Горький был вне себя от гнева, он 11 или 12 июля писал жене: «Антон Павлович, которого коробило все пошлое и вульгарное, был привезен в вагоне «для перевозки свежих устриц» и похоронен рядом с могилой вдовы казака Ольги Кукареткиной. Это — мелочи, дружище, да, но когда я вспоминаю вагон и Кукареткину — у меня сжимается сердце, и я готов выть, реветь, драться от негодования, от злобы. Ему — все равно, хоть в корзине для грязного белья вези его тело, но нам, русскому обществу, я не могу простить вагона «для устриц». В этом вагоне — именно та пошлость русской жизни, та некультурность ее, которая всегда так возмущала покойного»[801]. Вскоре вагон, да и весь перрон были завалены цветами, люди потянулись за ней, удивляясь про себя, почему играет военный оркестр, однако одобряя действия властей, сумевших придать событию некоторую торжественность. Еще одна путаница. Тот же Горький вспоминает: «Часть небольшой толпы, собравшейся на вокзал встретить писателя, пошла за гробом привезенного из Маньчжурии генерала Келлера и очень удивлялась тому, что Чехова хоронят с оркестром военной музыки.
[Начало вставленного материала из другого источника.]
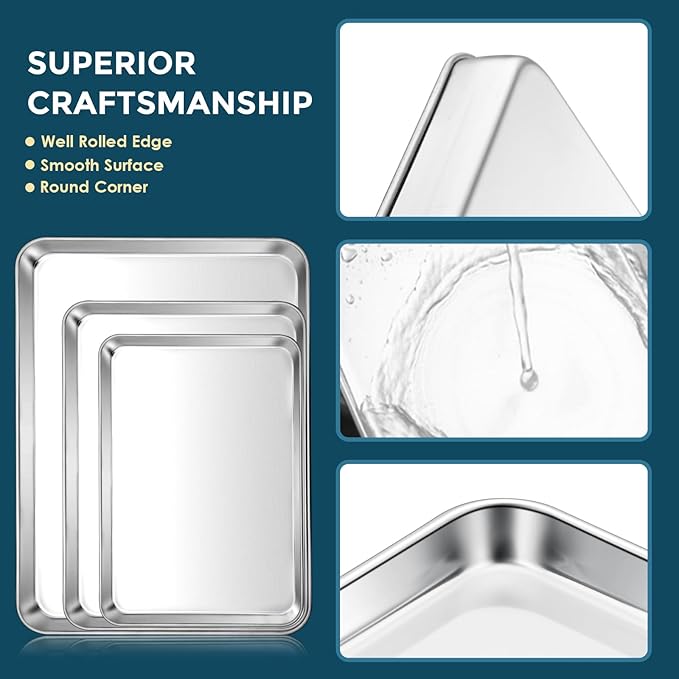 E-far Stainless Steel Baking Sheet Set of 3, 12.4”/10.5” /9.4” Cookie Sheet for Oven, Rimmed Metal Tray for Cooking Baking Bacon, Non-toxic & Dishwasher Safe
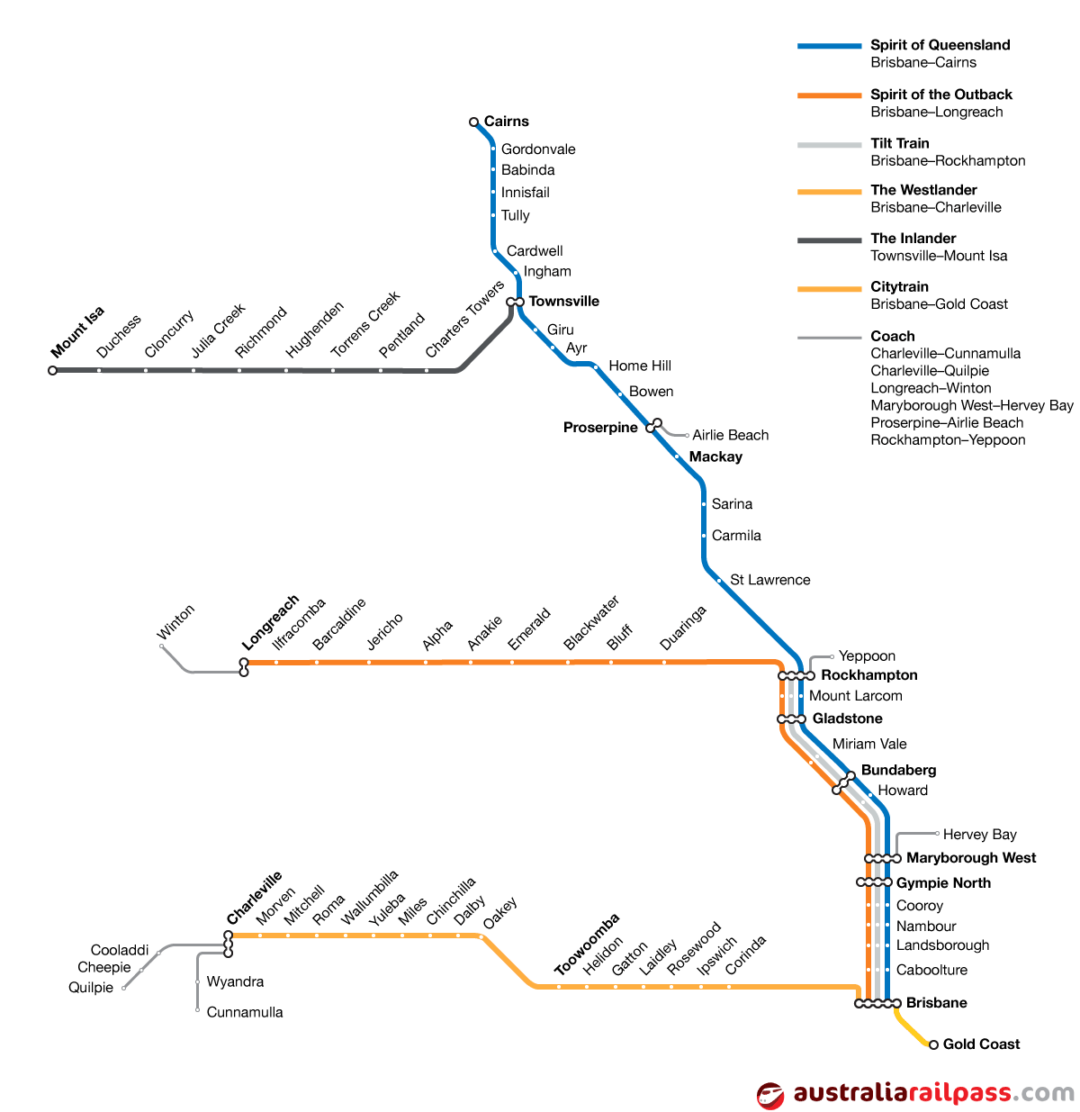 map-queenslandexplorerpass-feb17 - Explore Australia by rail with an ...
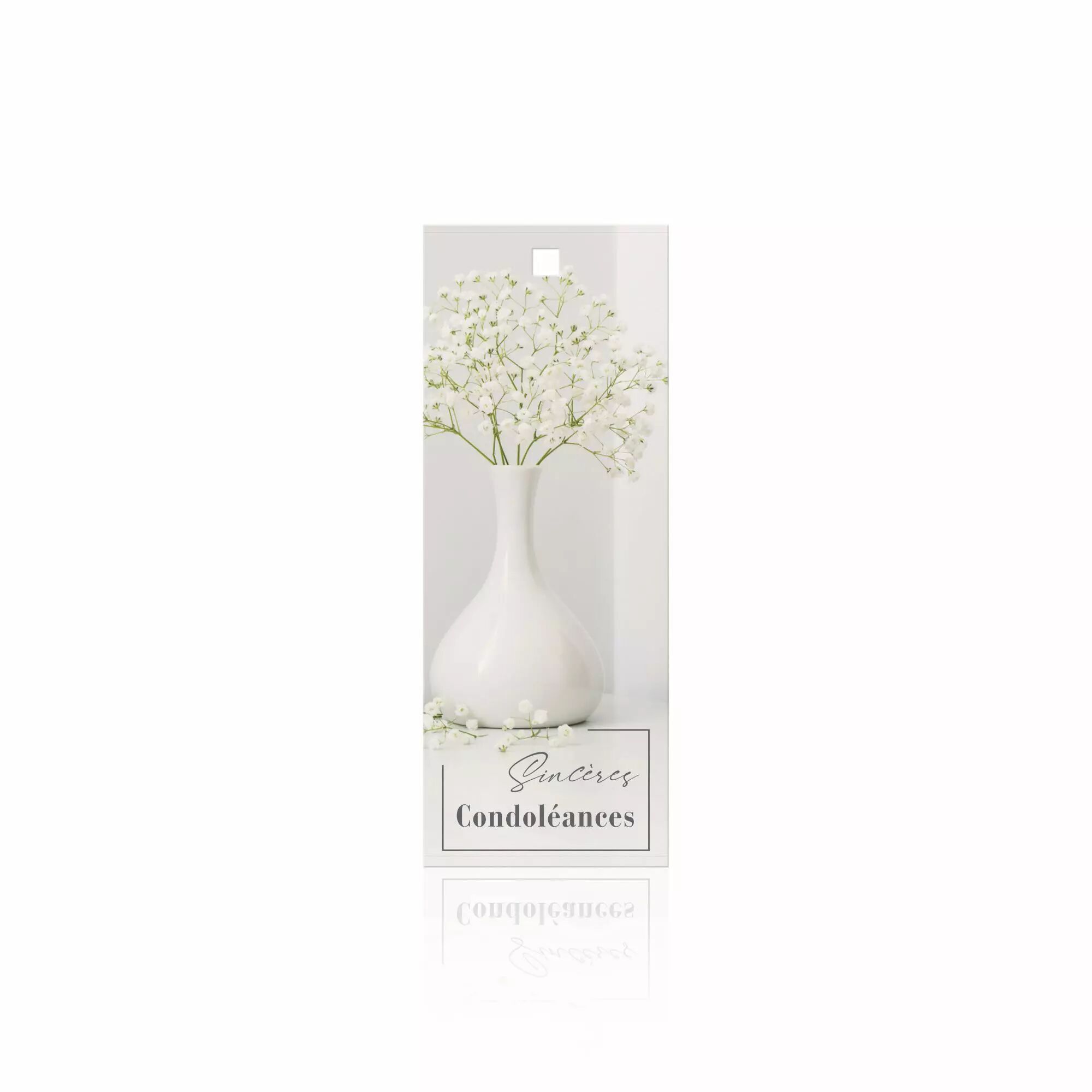 Carte de condoléances Lacrima format 48 x 125 mm pour compositions florales funéraires et bouquets de deuil par JESO CARDS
Когда ошибка выяснилась, некоторые веселые люди начали ухмыляться и хихикать. За гробом Чехова шагало человек сто, не более[802]; очень памятны два адвоката, оба в новых ботинках и пестрых галстуках — женихи. Идя сзади их, я слышал, что один, В. А. Маклаков, говорит об уме собак, другой, незнакомый, расхваливал удобства своей дачи и красоту пейзажа в окрестностях ее. А какая-то дама в лиловом платье, идя под кружевным зонтиком, убеждала старика в роговых очках: — Ах, он был удивительно милый и так остроумен…
Старик недоверчиво покашливал. День был жаркий, пыльный. Впереди процессии величественно ехал толстый околоточный на толстой белой лошади. Все это и многое другое было жестоко пошло и несовместимо с памятью о крупном и тонком художнике»[803]. Горькому казалось, что никто вокруг не осознает огромности потери, которую понесла Россия.